The rapid identification and treatment of patients with ST-segment elevation myocardial infarction (STEMI) is a priority for emergency department providers. Occasionally conditions other than acute coronary syndrome can mimic the presence of ST-elevation on electrocardiogram (ECG), making the accurate identification of these patients challenging. We present a case in which severe metabolic derangements resulted in a characteristic STEMI pattern on ECG.

2. Case Report

A 26-year-old male with a history of intravenous drug use (IVDU) presented to the emergency department via Emergency Medical Services (EMS) in full spinal immobilization after being “found down” at home by a family member. As per the EMS report, the patient had fallen in the bathroom and lost consciousness. Upon waking, he felt short of breath with occasional chest pain. Further discussion with the patient in the absence of family members revealed that he had relapsed with intravenous drug use the night prior, injecting two bags of heroin and subsequently “passing out” on the bathroom floor. The patient estimated that he was unconscious for at least six hours. Pre-hospital providers performed a 12-lead ECG, which showed concern for acute septal STEMI. A pre-hospital STEMI alert was called and paramedics administered 324mg of aspirin.

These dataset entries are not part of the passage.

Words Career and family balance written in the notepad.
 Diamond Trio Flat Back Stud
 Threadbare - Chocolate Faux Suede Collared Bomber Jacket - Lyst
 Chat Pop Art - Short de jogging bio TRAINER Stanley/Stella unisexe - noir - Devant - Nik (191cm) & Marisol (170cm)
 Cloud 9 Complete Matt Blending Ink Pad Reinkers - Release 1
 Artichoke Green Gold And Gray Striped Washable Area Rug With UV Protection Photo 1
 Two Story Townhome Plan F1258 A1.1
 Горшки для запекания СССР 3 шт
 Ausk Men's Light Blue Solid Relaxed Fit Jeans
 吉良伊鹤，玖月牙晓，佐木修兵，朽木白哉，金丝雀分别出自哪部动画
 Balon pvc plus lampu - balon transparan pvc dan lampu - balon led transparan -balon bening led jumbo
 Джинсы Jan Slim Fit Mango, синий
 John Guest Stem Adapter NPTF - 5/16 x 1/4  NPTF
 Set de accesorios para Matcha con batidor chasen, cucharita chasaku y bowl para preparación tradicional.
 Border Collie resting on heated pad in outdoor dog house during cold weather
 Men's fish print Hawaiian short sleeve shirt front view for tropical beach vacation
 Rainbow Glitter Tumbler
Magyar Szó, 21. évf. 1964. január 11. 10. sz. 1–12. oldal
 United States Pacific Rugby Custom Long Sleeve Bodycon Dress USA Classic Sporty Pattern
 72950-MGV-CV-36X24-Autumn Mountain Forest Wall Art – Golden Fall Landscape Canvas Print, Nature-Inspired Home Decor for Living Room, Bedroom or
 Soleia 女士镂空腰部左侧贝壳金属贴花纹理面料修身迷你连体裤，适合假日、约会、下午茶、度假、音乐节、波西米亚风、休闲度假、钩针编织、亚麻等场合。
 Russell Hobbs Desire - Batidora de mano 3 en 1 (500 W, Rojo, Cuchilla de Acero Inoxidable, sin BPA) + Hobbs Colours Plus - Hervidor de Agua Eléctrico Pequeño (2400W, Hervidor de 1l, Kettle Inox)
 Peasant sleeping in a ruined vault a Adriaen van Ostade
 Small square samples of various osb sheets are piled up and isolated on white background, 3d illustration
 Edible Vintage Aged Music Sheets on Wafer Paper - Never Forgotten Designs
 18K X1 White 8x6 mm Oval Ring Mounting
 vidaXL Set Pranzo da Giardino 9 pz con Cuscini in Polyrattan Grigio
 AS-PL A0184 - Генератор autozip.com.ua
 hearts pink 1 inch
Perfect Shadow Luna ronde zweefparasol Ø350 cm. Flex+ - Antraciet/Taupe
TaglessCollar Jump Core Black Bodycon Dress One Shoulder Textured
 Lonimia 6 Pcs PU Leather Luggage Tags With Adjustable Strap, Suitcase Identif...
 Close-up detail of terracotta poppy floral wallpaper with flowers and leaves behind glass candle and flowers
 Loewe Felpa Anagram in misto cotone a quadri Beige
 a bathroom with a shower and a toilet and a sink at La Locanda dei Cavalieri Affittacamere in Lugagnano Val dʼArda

On arrival to the emergency department, the patient was alert, awake, and oriented. He complained of chest pain and shortness of breath as well as pain and weakness in his left upper and lower extremities. Vital signs recorded on arrival demonstrated tachycardia with a heart rate of 108 beats per minute, hypotension with blood pressure of 87/54 mmHg, respirations of 16 breaths per minute, and pulse oximetry of 93%. Physical exam was significant for facial bruising and abrasions as well as minimal tenderness and swelling of the patient’s left wrist. The patient moved all extremities equally and had no motor or sensory deficits. He had no abdominal or chest wall tenderness as well as no spinous process tenderness. A 12-lead ECG was performed on ED arrival, which revealed septal and lateral ST elevations with reciprocal depressions (Figure 1). Although the cardiac catheterization lab was activated for primary percutaneous intervention (PCI) based on the pre-hospital ECG findings, the patient underwent computed tomography (CT) scanning of the head and cervical spine prior to catheterization in order to evaluate for traumatic injuries given his fall and complaints of extremity weakness. The interventional cardiology team was in agreement.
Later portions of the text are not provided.